LITTLE ROCK (AGFC) - Did you miss a shot at a deer in this last deer season? If so, you have plenty of company with other Arkansas hunters.
Chances are you have given thought to some shooting practice, and this is logical. Accuracy with a rifle comes through practice.
For this, a hunter can buy several boxes of ammunition for his or her deer rifle and head to the range. An alternative, and much less expensive, is to take a .22 -caliber rifle and plenty of ammo to the range.
Sure, the .22 is a gun you won't use in deer hunting, but it provides an easy and convenient means of improving your skills in shooting, according to the Arkansas Game and Fish Commission.
Truthfully, how much did you shoot between the 2009 deer season and the 2010 deer season? None? Just those three shots to "sight in" your deer rifle the day before the season opened?
OK, this can be changed. A shooting range makes a better and safer place to practice than putting up a target out in a field somewhere. A quick phone call to an AGFC regional office or to a sporting goods store will give you the location of a range open to the public in your area. In central Arkansas, the Dr. James E. Moore Jr. Camp Robinson Firing Range is on Clinton Road, just north of Arkansas Highway 89 east of Mayflower.

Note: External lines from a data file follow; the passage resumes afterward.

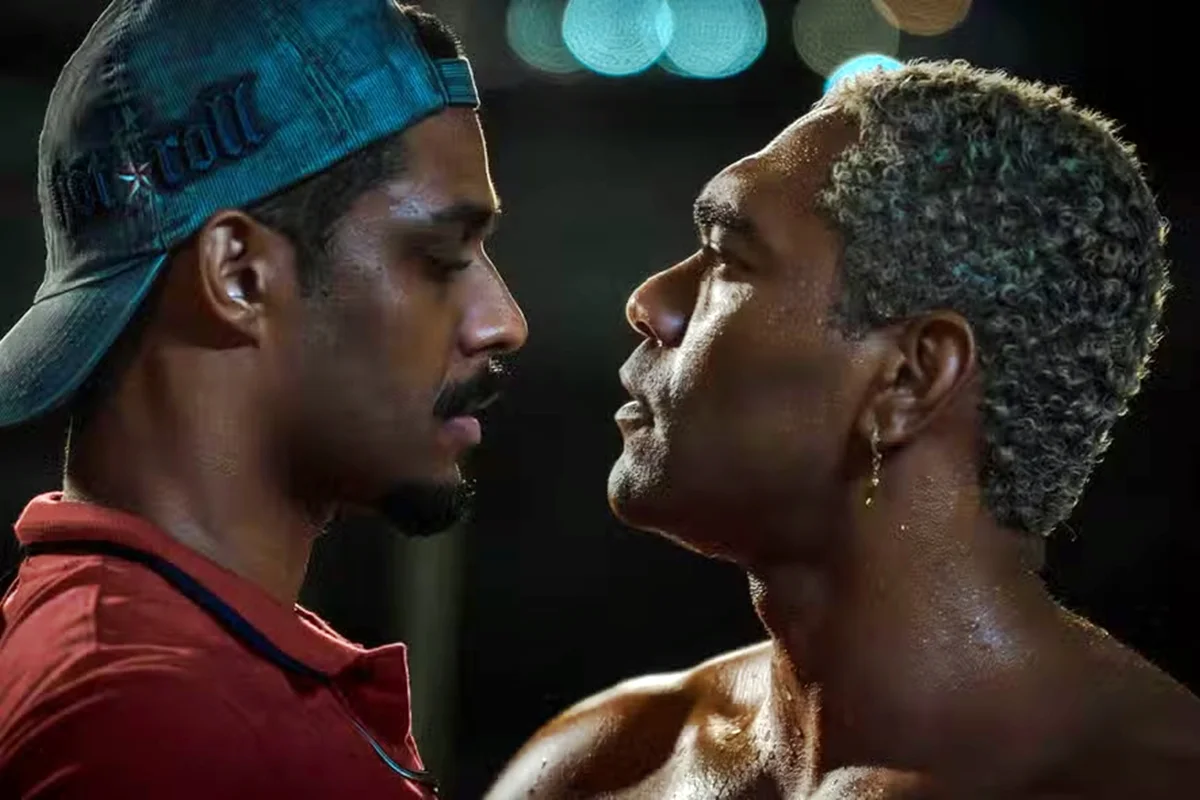 Diretores de A Margem do Rio revelam inspirações para filme premiado no Rio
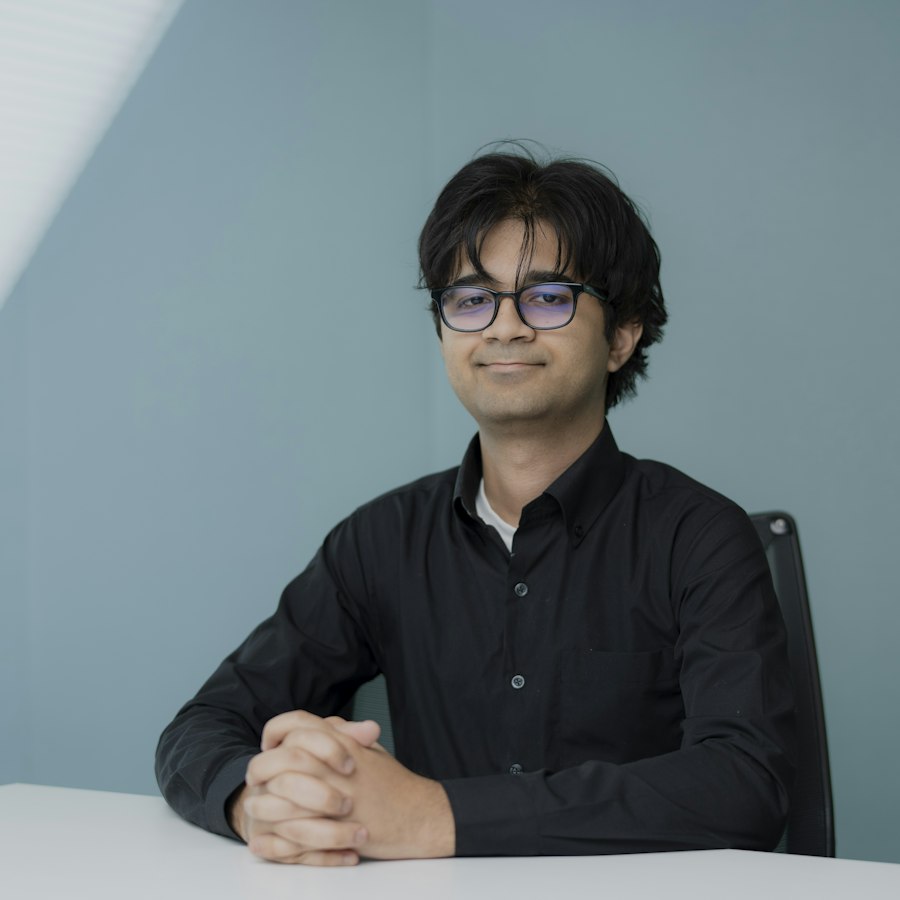 Talha Wani - Senior Associate | RBB Economics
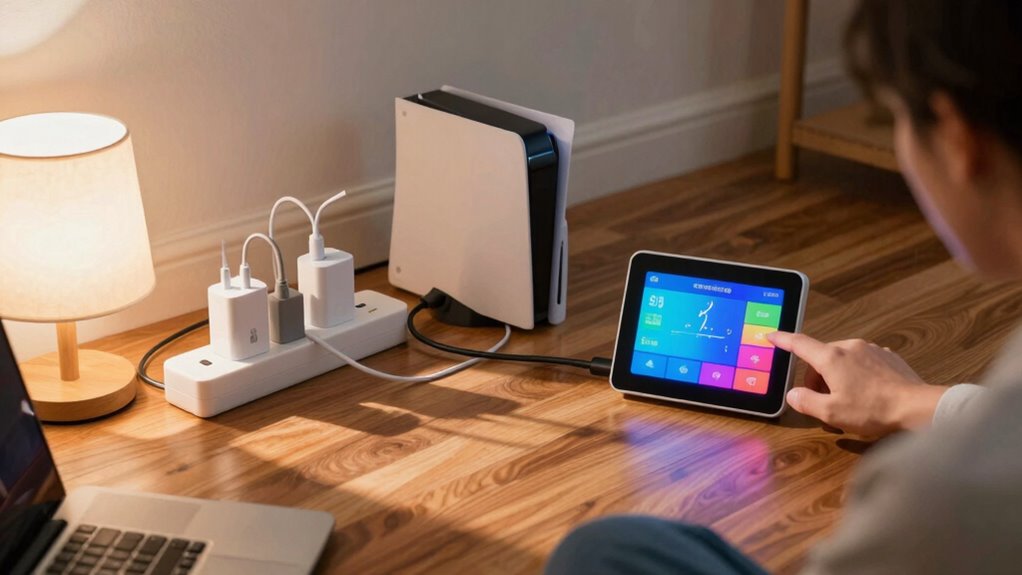 ensure accurate safe monitoring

Shoot first with the aid of a bench rest. Using sand bags or a cradle will steady the rifle and remove the shaking element from the shot. With the use of the bench rest, the shooter can make sure the .22 is on target.

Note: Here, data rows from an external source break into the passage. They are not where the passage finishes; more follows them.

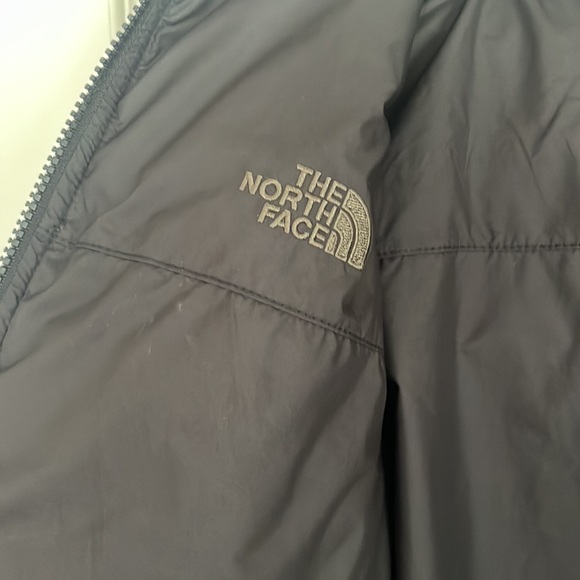 The North Face reversible down coat - Picture 9 of 13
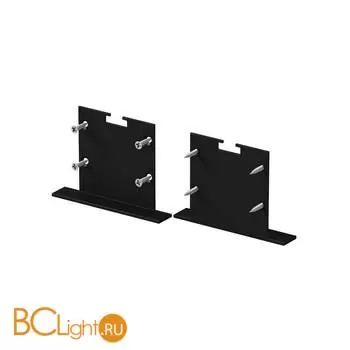 Комплект заглушек (для профиля 50×35) 2 шт., ALM-5035T-B-EC Maytoni Led Strip 642035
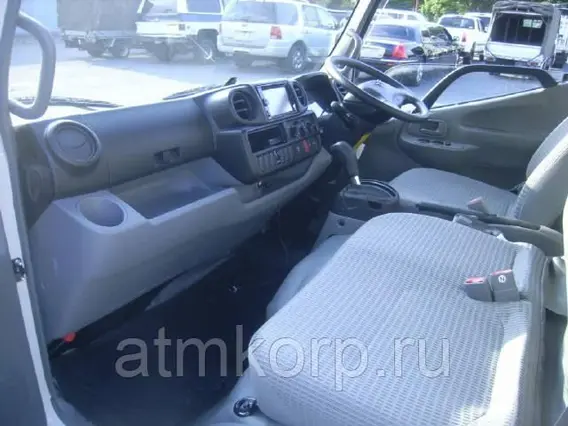 Автофургон Toyota TOYOACE  б/у фото 3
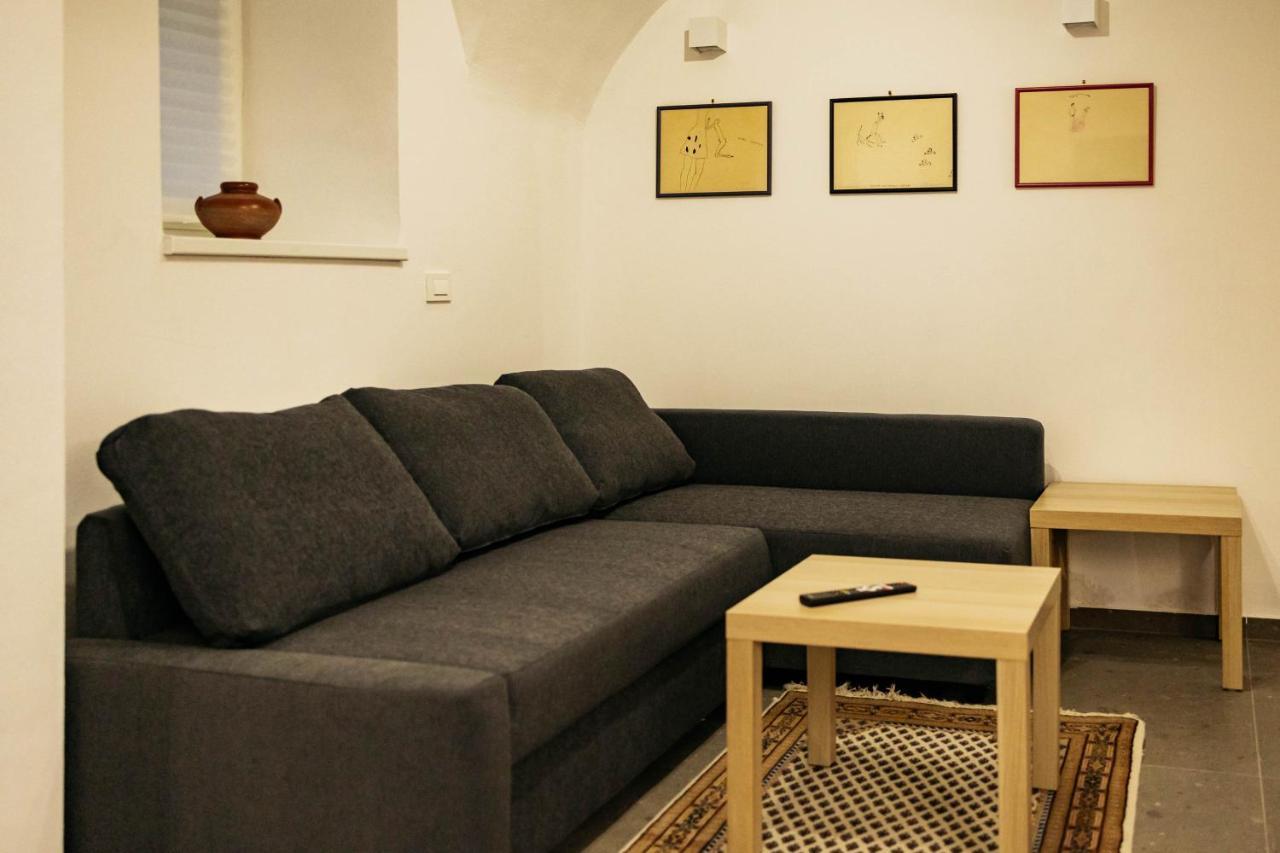 Jakopic Apartman Ljubljana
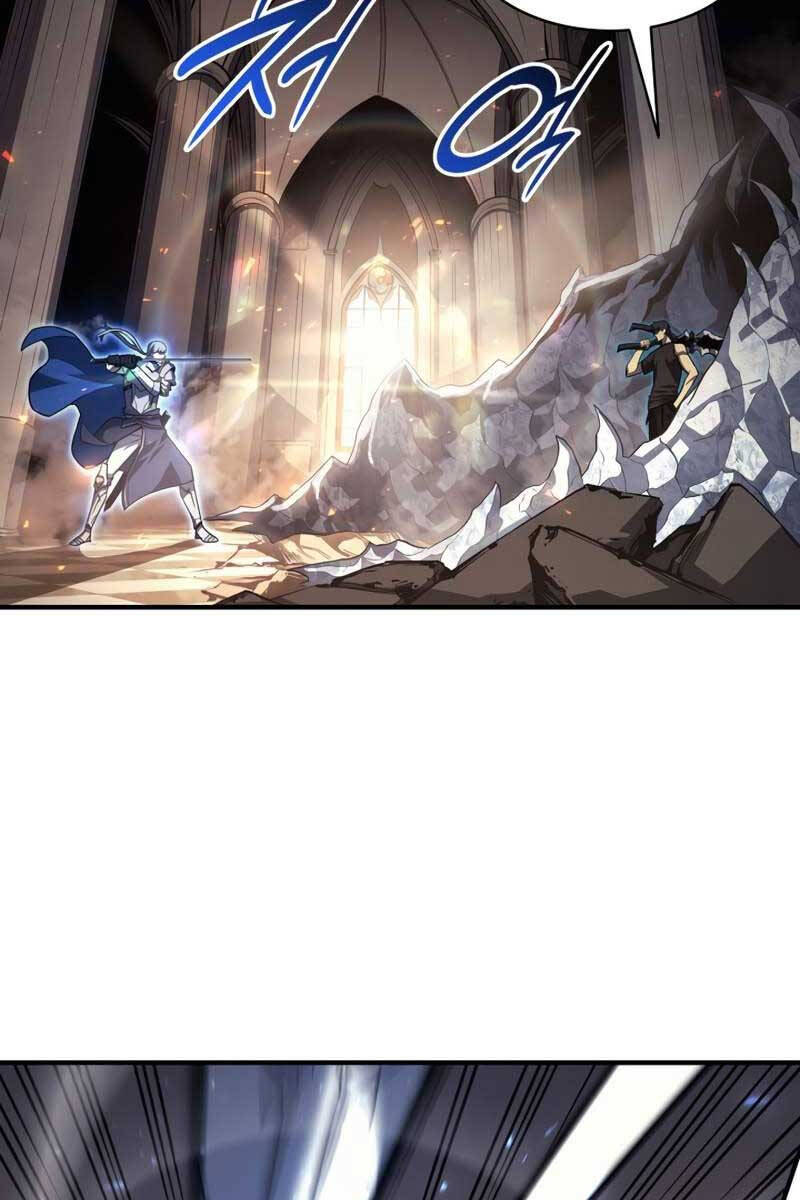 Vị Vua Mạnh Nhất Đã Trở Lại Chap 56 - Next Chap 57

When satisfied that the rifle is shooting on target, practice from both sitting and standing positions. These are the ones you are most likely to use in deer hunting. The most accurate of the field-shooting positions is prone, but seldom will an Arkansas deer hunter have occasion to use this. The sitting position is what many deer-stand users and ground-blind hunters will take when a deer appears.
The standing position is the most difficult in which to hold a rifle steady. Practice will help this, however.
The steps in shooting a rifle after it is loaded are raising the firearm into position, moving the safety into the fire mode, sighting, breathing and squeezing, not pulling, the trigger.
Breathing? Yes, this is important.
The tried and true recommendation of experts, including military shooting instructors, is to take a breath, let out a comfortable amount of air, and then squeeze the trigger. It shouldn't be a deep breath, and the upcoming trigger squeeze should be smooth. Ideally, the rifle should fire before you realize it. However, many shooters familiar with their firearms may be able to anticipate when the trigger will break. Anticipating the firing can be a route to flinching, and this means a less-accurate shot. Therefore, shooters should concentrate on a proper follow through when the trigger breaks.
A result of a few sessions with a .22 rifle at a shooting range is that you will become much more accustomed to the feel and the routine of shooting a rifle. This practice will pay off when it's time to pick up the deer rifle.